**Task goal**
The lines from the beginning of the records below through the one holding "Bathroom with bathtub / shower combination" are to be copied exactly; leave the pictures out.

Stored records
┄┄┄┄┄┄┄┄┄┄┄┄┄┄┄┄┄┄┄┄

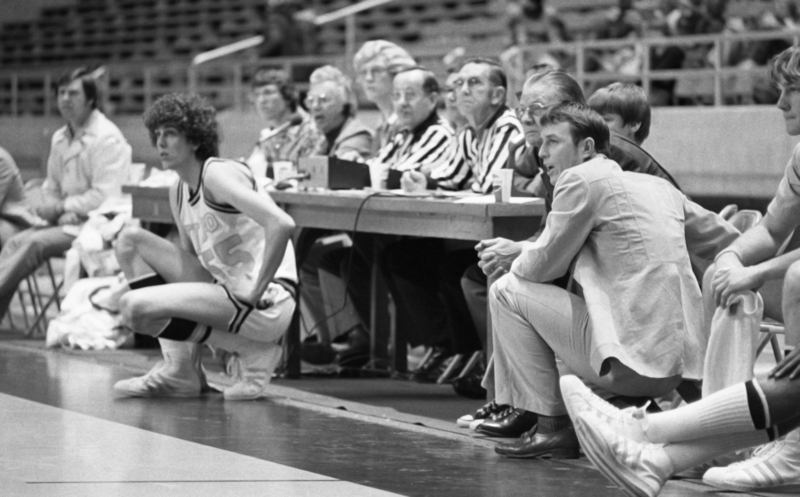 Black and white photograph of several people on the sidelines of a basketball court, two kneeling and the others sitting behind a table. In the background are stands.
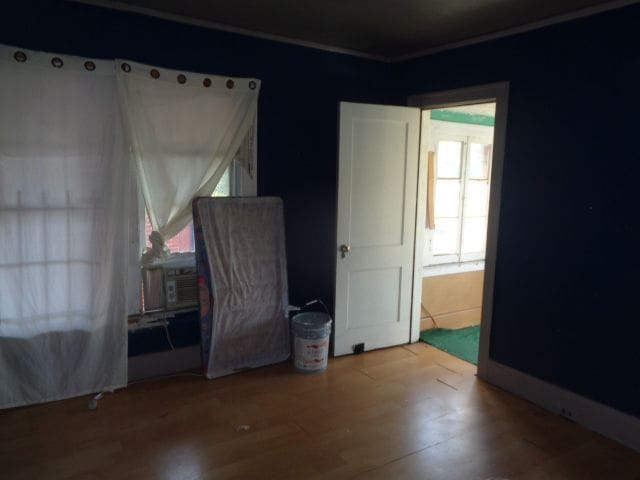 unfurnished bedroom featuring hardwood / wood-style floors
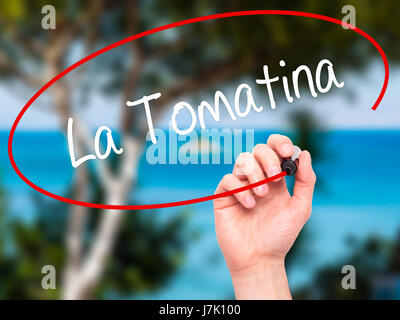 Man Hand writing La Tomatina with black marker on visual screen. Isolated on nature. Business, technology, internet concept. Stock Photo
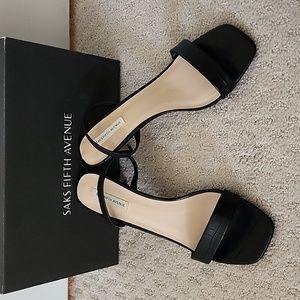 Saks Fifth Avenue black faux alligator leather heeled sandals.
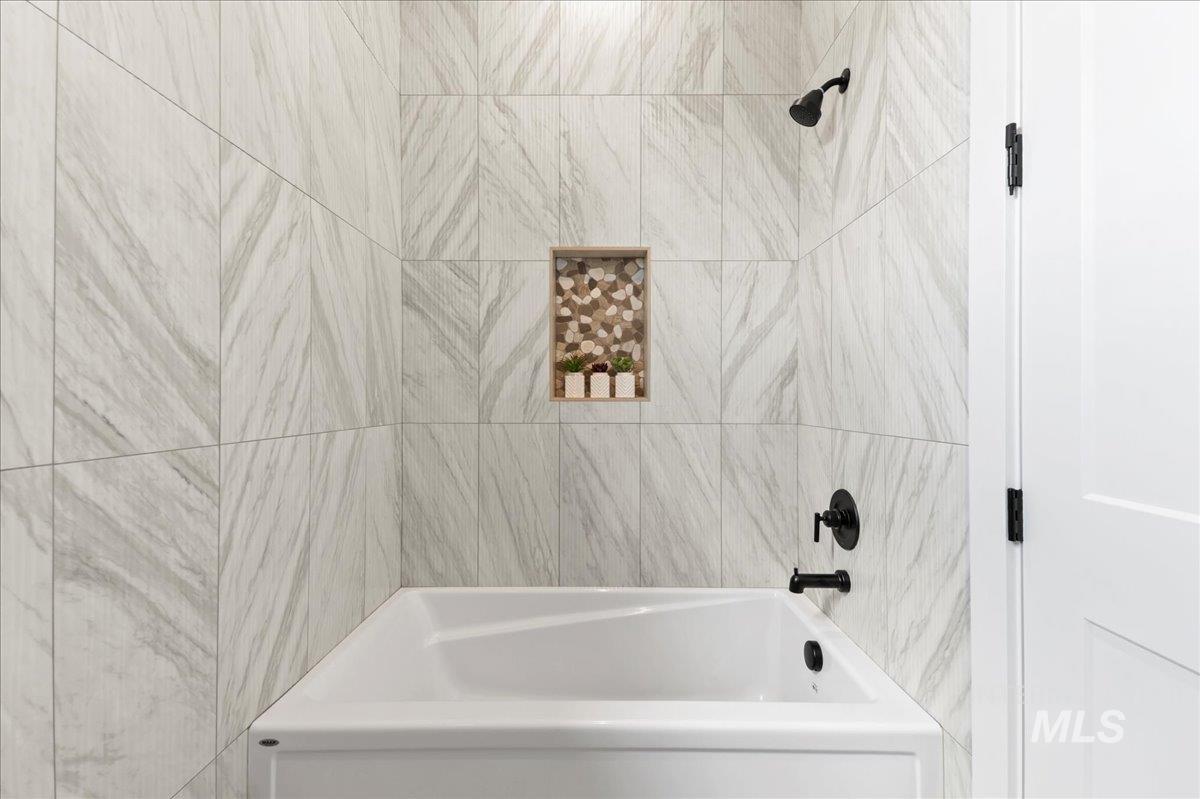 Bathroom with bathtub / shower combination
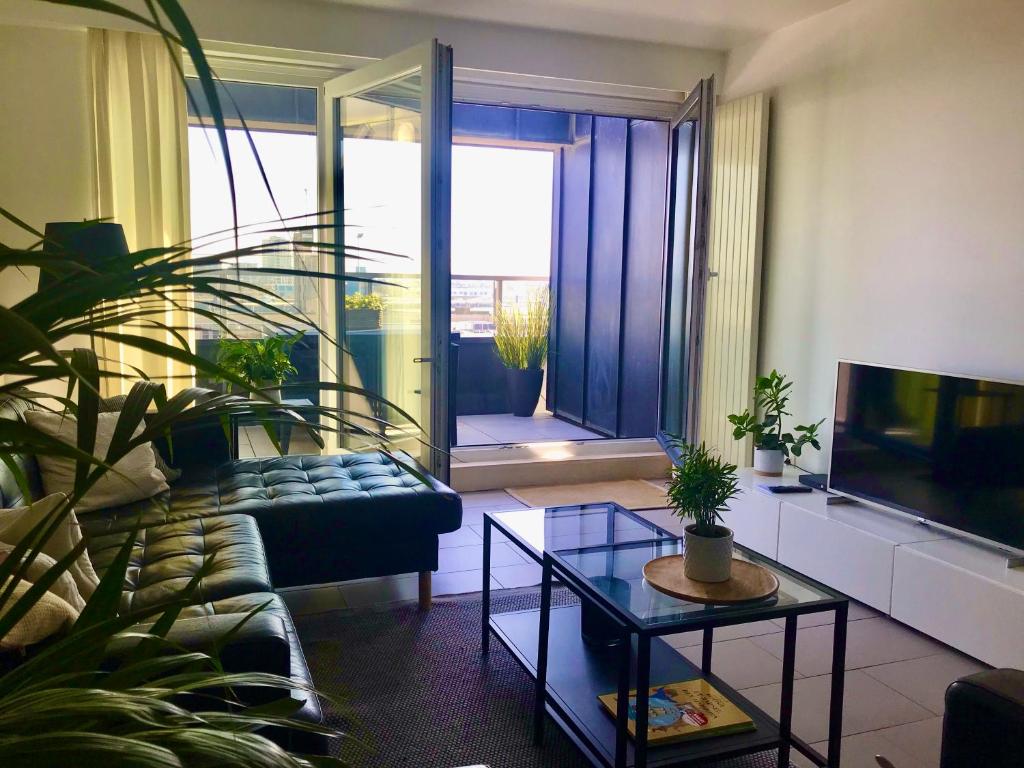 een woonkamer met een bank en een tv bij Appartement Cousteau - Terras, Zeezicht, Marina in Oostende
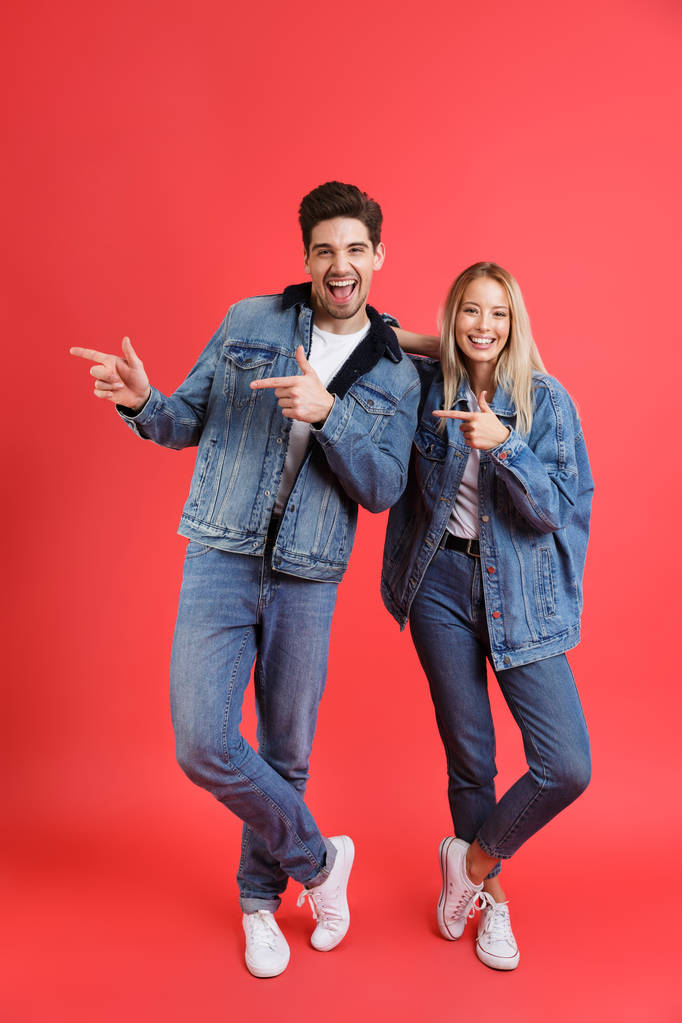 Портрет щасливої молодої пари, одягнений у джинсовий одяг, ізольований на червоному тлі, спрямовуючи пальці
 - Фото, зображення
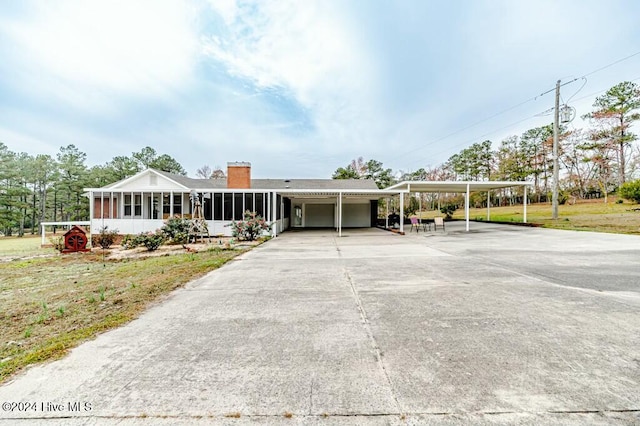 single story home with a sunroom, a carport, and a front lawn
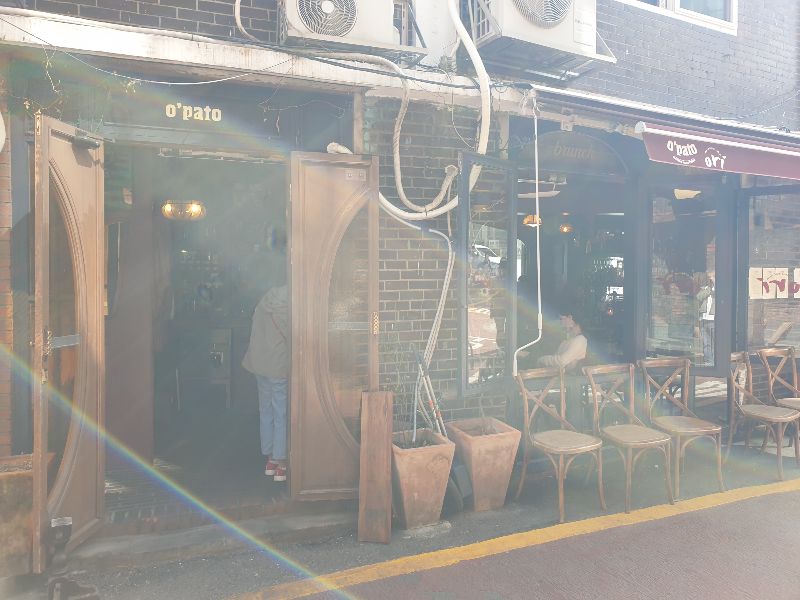 적벽돌로 된 건물 1층. 밖에는 우드 소재 의자들이 놓여 있다.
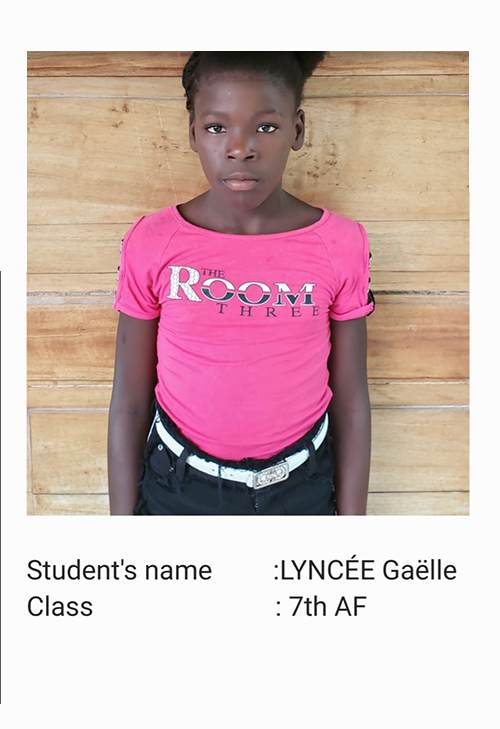 A young girl wearing a pink shirt and black belt.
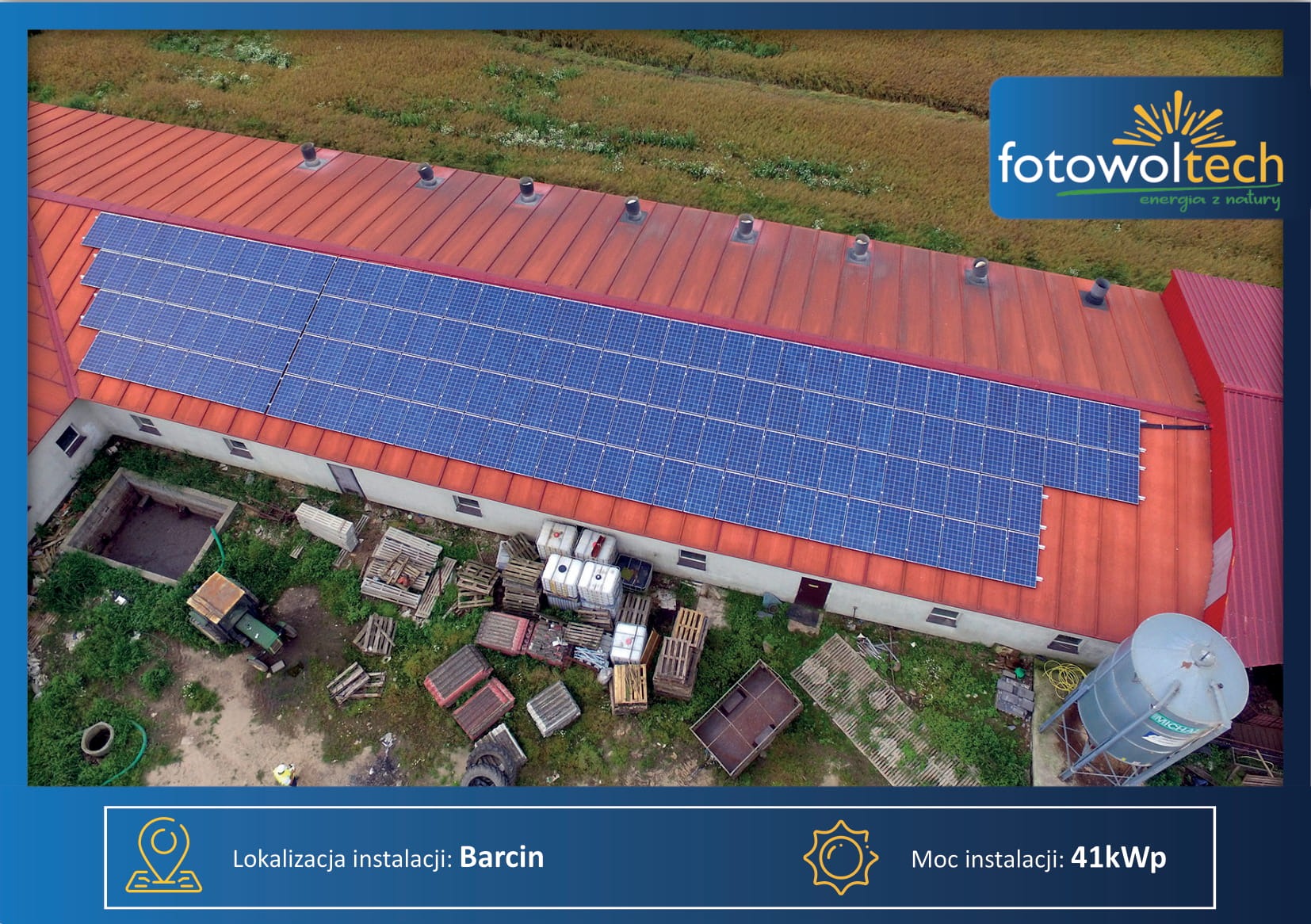 Widok z góry na instalację paneli słonecznych na czerwonym dachu budynku gospodarczego, z widocznym terenem wokół, traktorem, stertą palet i zbiornikiem. W tle pole uprawne i logo firmy.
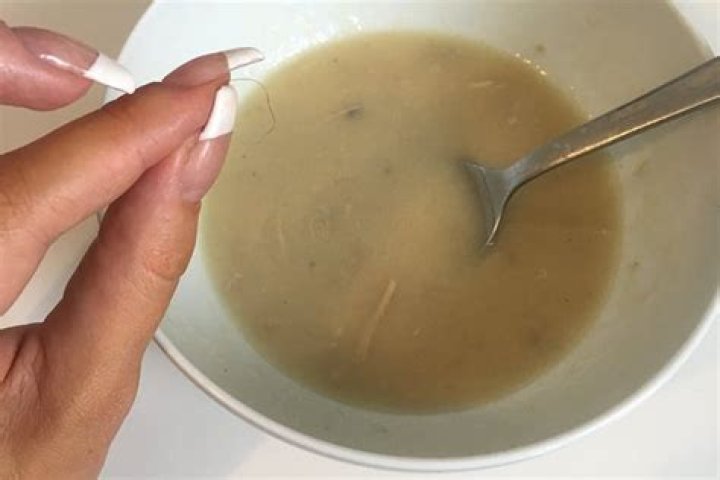 What happens when you swallow hair?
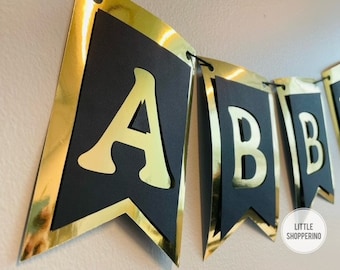 Pode incluir: Faixa preta e dourada com as letras "ABBY" em letras douradas em bandeiras pretas. As bandeiras são conectadas por um cordão dourado.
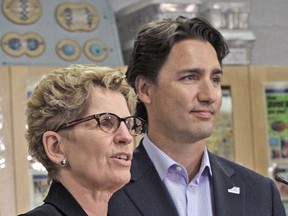 Federal Leader Justin Trudeau and Ontario Premier Kathleen Wynne are seen in this 2014 file photo. Wynne has put her full support behind Trudeau and his federal campaign, but our panel asks if she's been helpful or harmful. Mike DiBattista/Niagara Falls Review/Postmedia Network/File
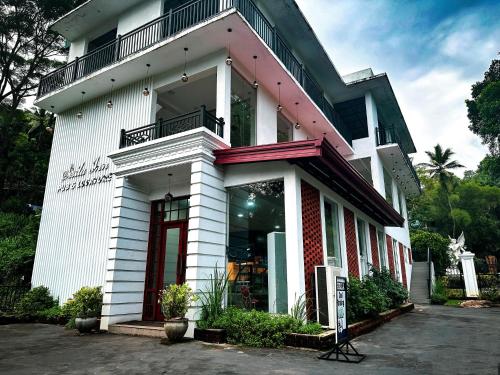 a store front of a white building at Sisila Inn & Restaurant in Warakapola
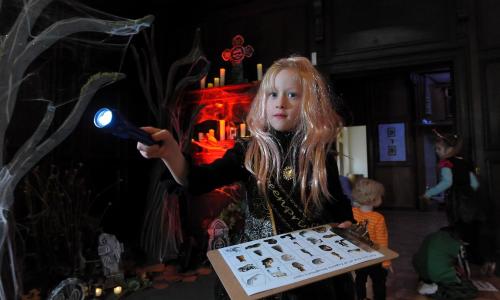 A blond haired girl dressed in a witch costume holding a torch and a quiz in a dark room
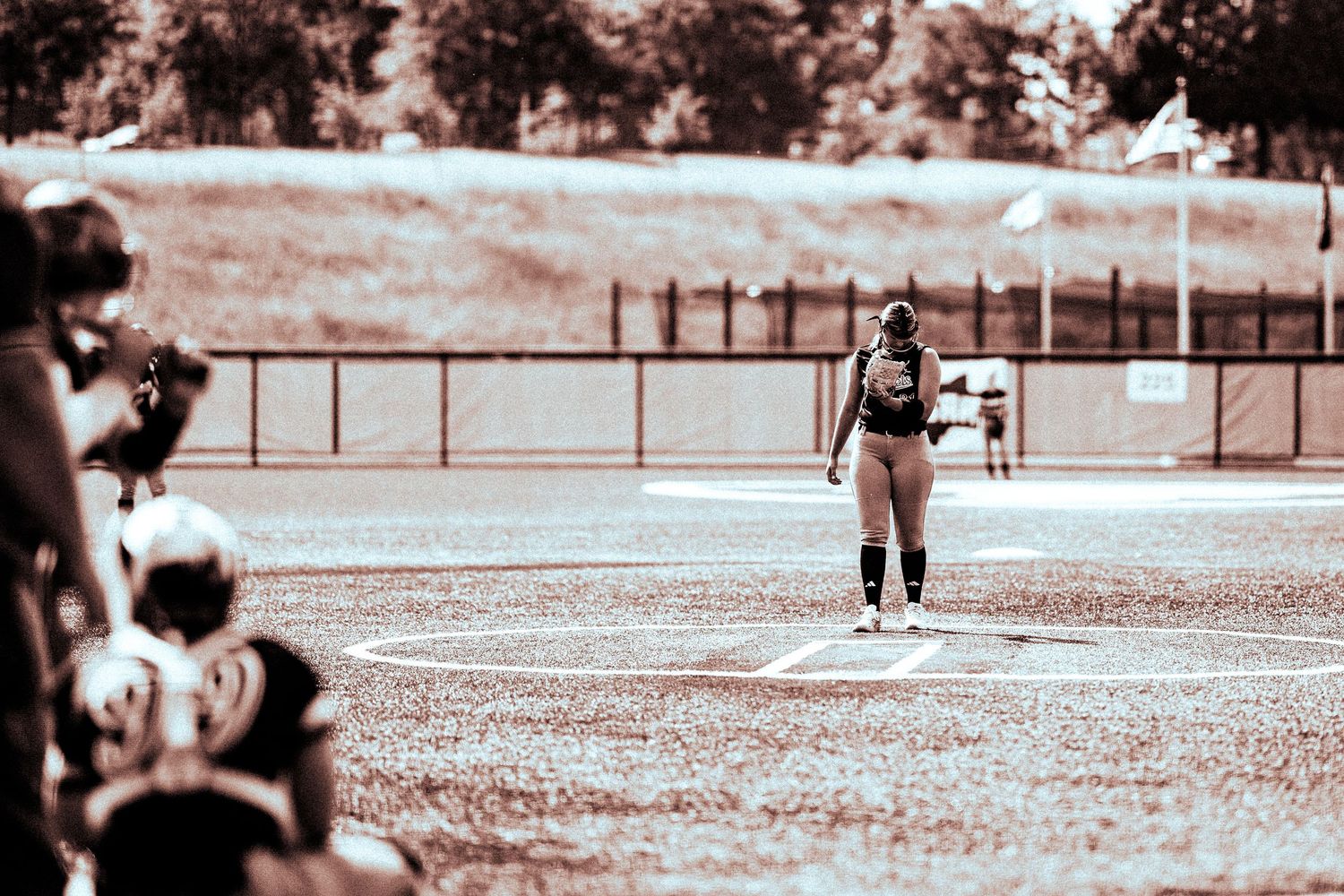A softball player stands ready at base on a vintage-toned sepia field during a competitive game.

┄┄┄┄┄┄┄┄┄┄┄┄┄┄┄┄┄┄┄┄

**Completed exercise**
 Black and white photograph of several people on the sidelines of a basketball court, two kneeling and the others sitting behind a table. In the background are stands.
 unfurnished bedroom featuring hardwood / wood-style floors
 Man Hand writing La Tomatina with black marker on visual screen. Isolated on nature. Business, technology, internet concept. Stock Photo
 Saks Fifth Avenue black faux alligator leather heeled sandals.
 Bathroom with bathtub / shower combination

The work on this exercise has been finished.